Eric Marias Remarque, cepheden sağ dönebilenlerin dramını da “Dönüş Yolu” adıyla romanlaştırdı. Savaş sona ermiştir. Kara bahtlı gazilerden Albert, eve dönüşünde kız arkadaşını bir savaş vurguncusunun kollarında görür. Cepheden kalma alışkanlıkla silahını ateşler, tutuklanır. Duruşmada yargıç, Albert’e suçunu itiraf edip vicdan huzuruna kavuşmayı isteyip istemediğini, pişman olup olmadığını sorar. Albert “hayır” diye karşılık verince yargıç tekrar sorar:

- Ama bir adam öldürdünüz?

Albert umursamaz ses tonuyla yanıtlar:

- Evet. Daha önce de çoook adam öldürdüm.

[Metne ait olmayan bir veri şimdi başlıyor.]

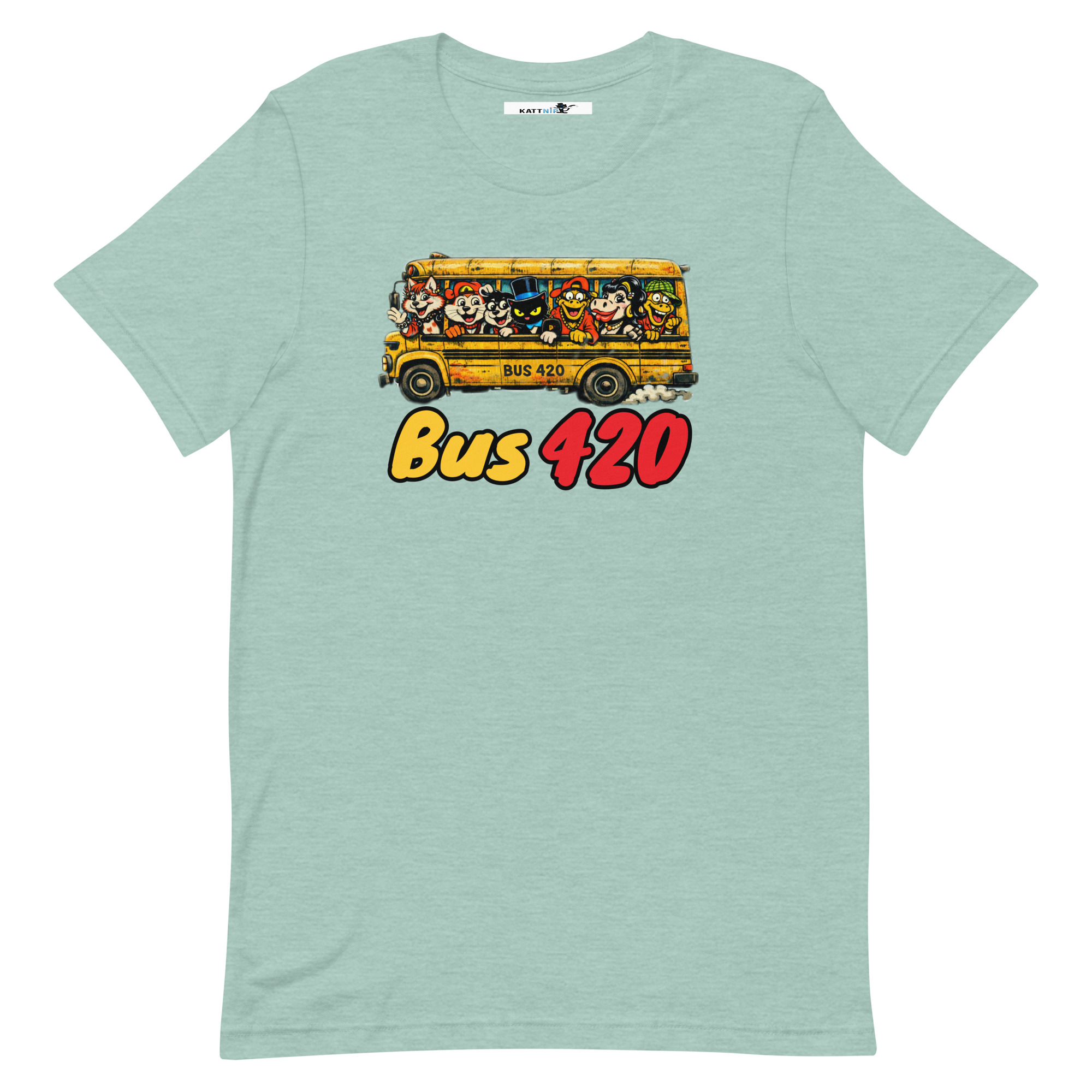 Unisex t-shirt copy copy copy - Image 33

Yargıç soluğu kesilmişçesine “Ne yaptın ne yaptın?” diye sorar.

Albert’in silah arkadaşlarından biri “Savaşta” diye araya girer.

Bu kez savcı ayaklanır, “O başka!” diye sesini yükseltir.

Albert, “Nasıl başka?” diye savcıya çıkışır. Bunun üzerine Savcı öfkeyle kükrer: 

- Yoksa burada yaptığınla vatan savunması uğrunda savaşmayı bir mi tutuyorsun?

Albert dingin bir ses tonuyla yanıtlar: 

- Hayır! O zaman öldürdüklerimin bana hiçbir kötülüğü dokunmamıştı.

***

SAVAŞA HAYIR!

Kuramcıların edebiyatçıların söyledikleri baş göz üstüne. Savaş, insanın kendisine, topluma ve doğaya düşmanlaştığı en vahşi yabancılaşma deneyimidir. Yurt savunması, ezilen halkların ve sınıfların kurtuluş savaşları dışında savaş cinayettir. Savaşı ve ölümü kutsayan “realistler” istedikleri kadar “gerçeklerin farkında olmayan havai, sorumsuz, marjinal, düzen karşıtı romantik solcular” diye karalamaya çalışsınlar; emperyalistlerin, ezenlerin savaşlarına karşı çıkmak, SAVAŞA HAYIR diye haykırmak ahlaki erdemdir. 

Ukrayna’ya saldırıya karşı çıkan Rusya sosyalistlerine ve Rusya devlet televizyonu Kanal 1’de canlı yayın sırasında SAVAŞA HAYIR pankartı açan editör Marina Ovsyannikov’a selam olsun!